DATA SEGMENT >>
================
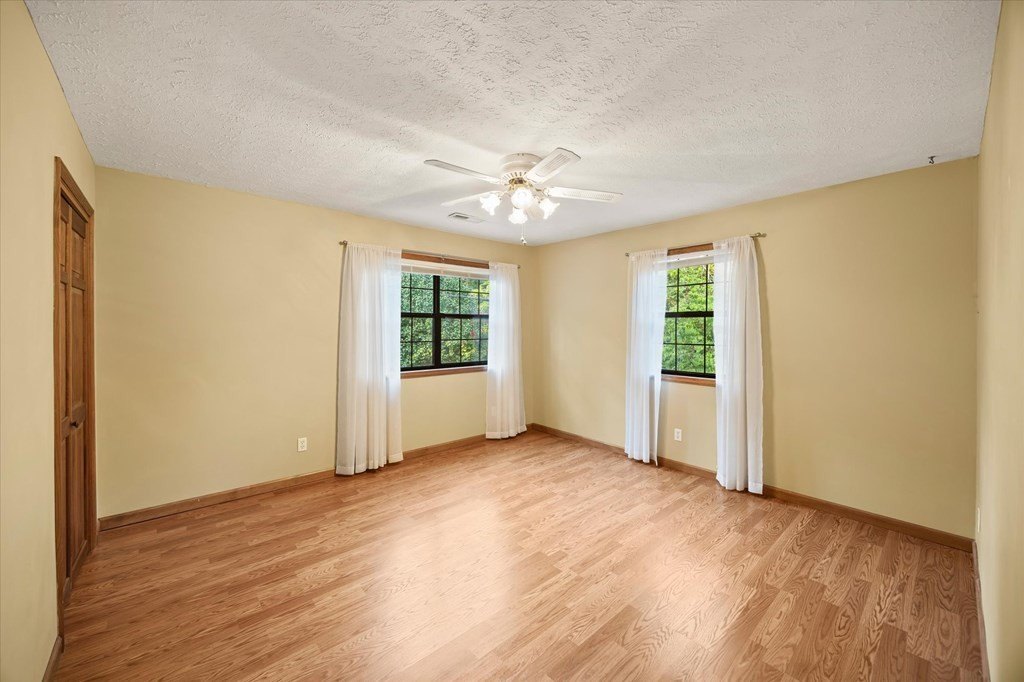 Byrdstown, Tennessee, 38549, United States, 4 Bedrooms Bedrooms, ,2.5 BathroomsBathrooms,Residential,Forsale,1929852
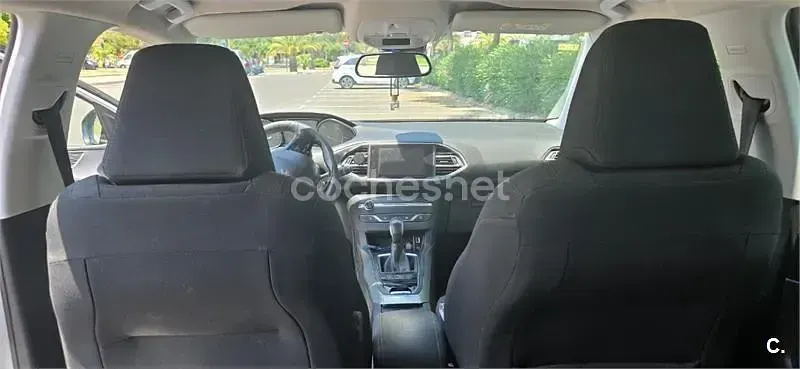 Usado Peugeot 308 SW Allure 150 CV (110 kW) 2016 Gris / plata Familiar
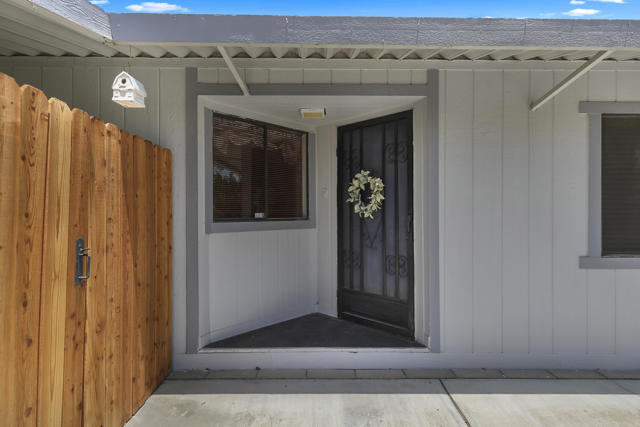 25 Pampas Lane, Palm Desert CA: https://media.crmls.org/mediaz/e84fbe81-552c-49dd-93be-9cfead984430.jpg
================
WHAT IS EXPECTED >>
Every line above should be reproduced exactly, please, with no pictures included.

YOUR SOLUTION >>
 Byrdstown, Tennessee, 38549, United States, 4 Bedrooms Bedrooms, ,2.5 BathroomsBathrooms,Residential,Forsale,1929852
 Usado Peugeot 308 SW Allure 150 CV (110 kW) 2016 Gris / plata Familiar
 25 Pampas Lane, Palm Desert CA: https://media.crmls.org/mediaz/e84fbe81-552c-49dd-93be-9cfead984430.jpg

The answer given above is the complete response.